MATERIAL SUPPLIED:
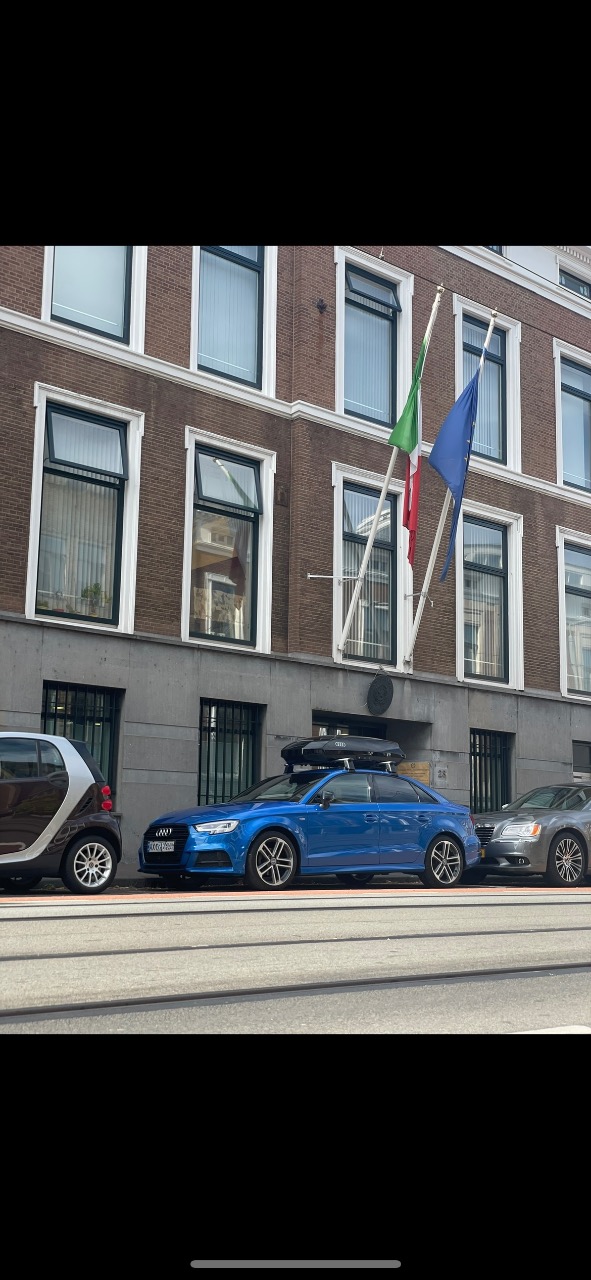 Audi A3 - фото 3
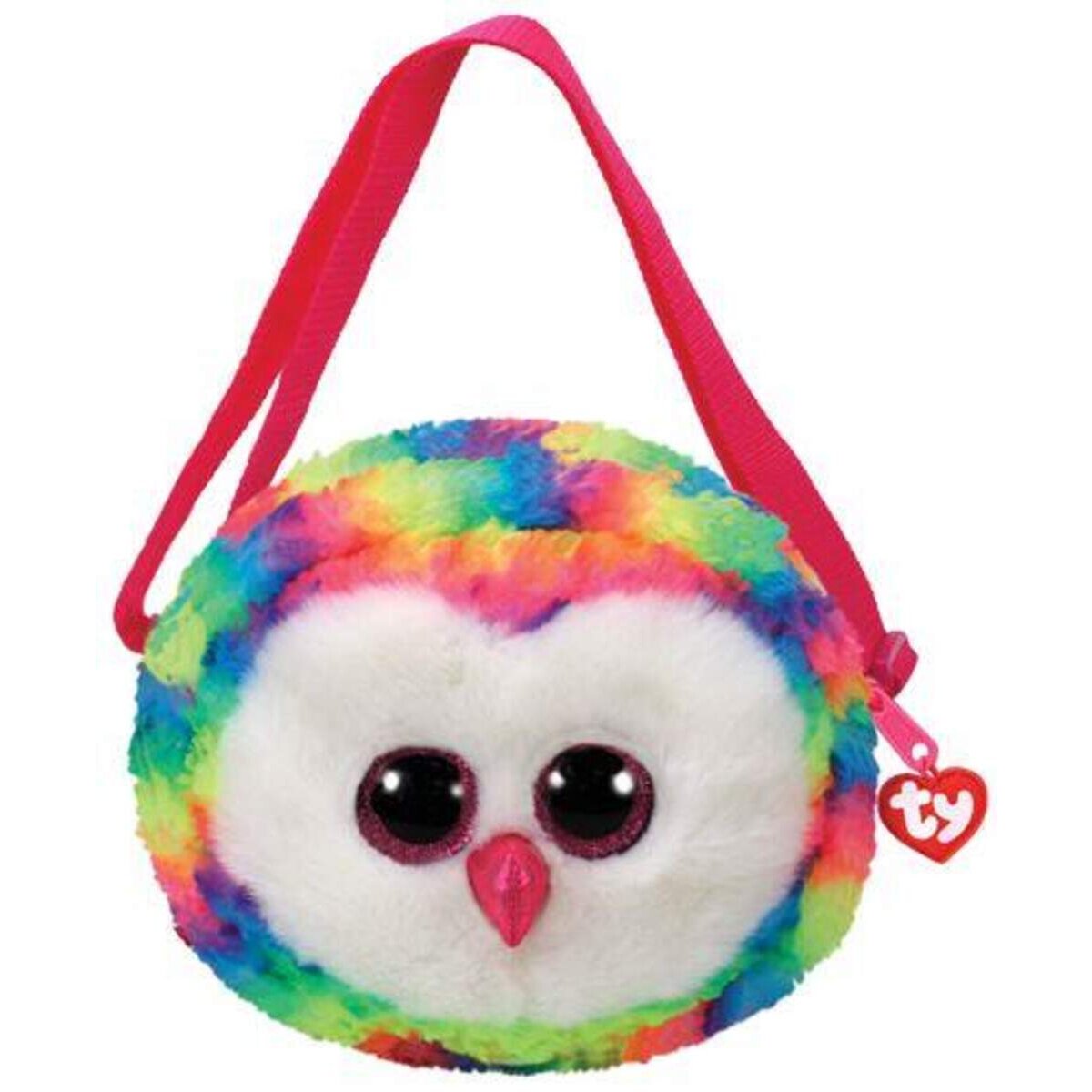 ty Gear Beanie Boo Schultertasche Eule Owen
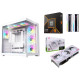 Desktop Gaming / Design ( Ryzen 9 9950X / Ram 32GB / M.2 PCIe​ 1TB 4.0 / RTX 5080 16GB ) 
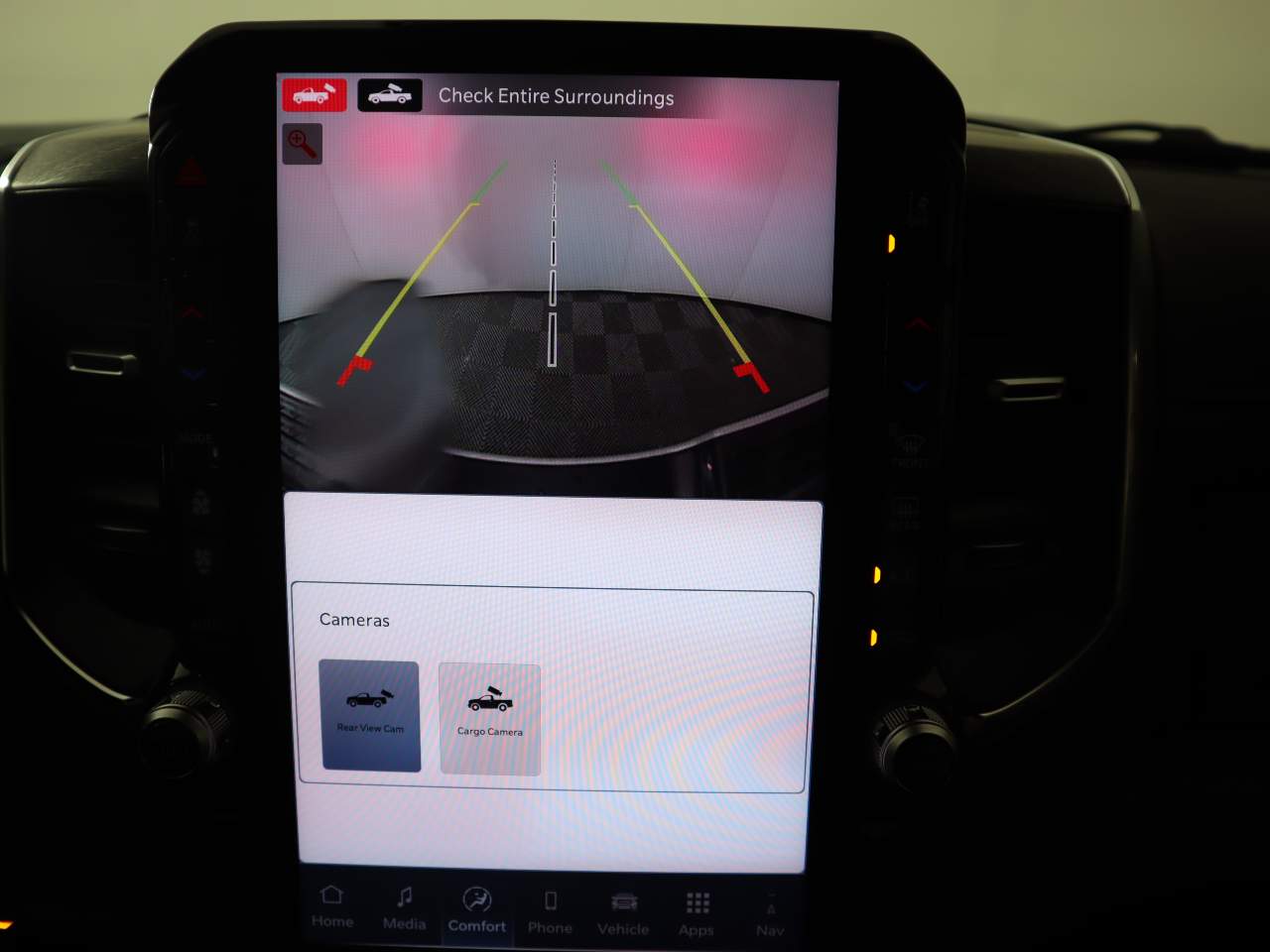 2026 Ram 3500 Mega Cab Laramie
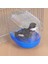 Sarı Stil 1 Adet Plastik Kuş Su Banyosu Kutusu Küvet Papağan Parakeet Lovebird Kuş Pet Kafes Asılı Kase Pet Malzemeleri Küvet Duş Kuş (Yurt Dışından) 5
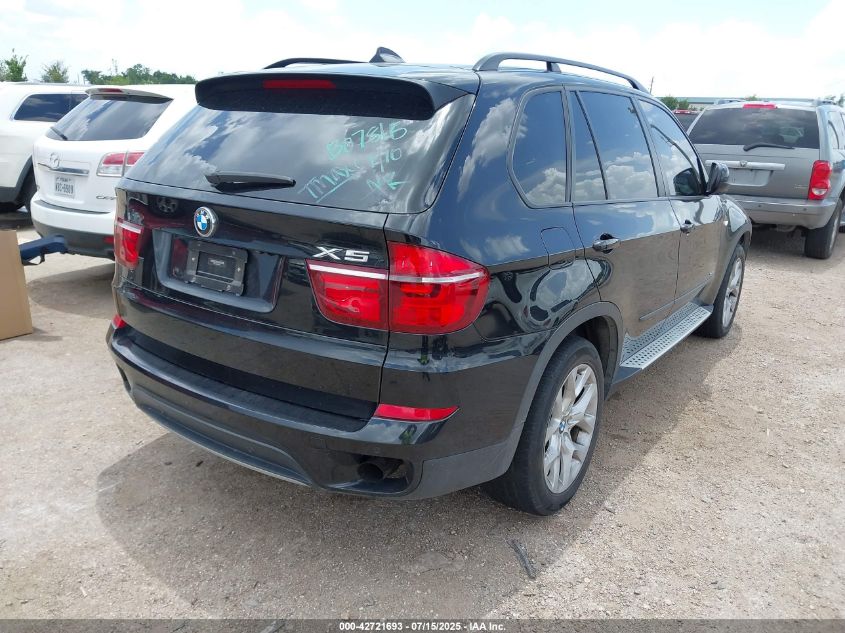 2013 BMW X5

YOUR GOAL: The copy should hold, exactly, the lines from the one containing "ty Gear Beanie Boo Schultertasche Eule Owen" to the final line of the listing above, with both ends present and no pictures.

YOUR SOLUTION:
 ty Gear Beanie Boo Schultertasche Eule Owen
 Desktop Gaming / Design ( Ryzen 9 9950X / Ram 32GB / M.2 PCIe​ 1TB 4.0 / RTX 5080 16GB ) 
 2026 Ram 3500 Mega Cab Laramie
 Sarı Stil 1 Adet Plastik Kuş Su Banyosu Kutusu Küvet Papağan Parakeet Lovebird Kuş Pet Kafes Asılı Kase Pet Malzemeleri Küvet Duş Kuş (Yurt Dışından) 5
 2013 BMW X5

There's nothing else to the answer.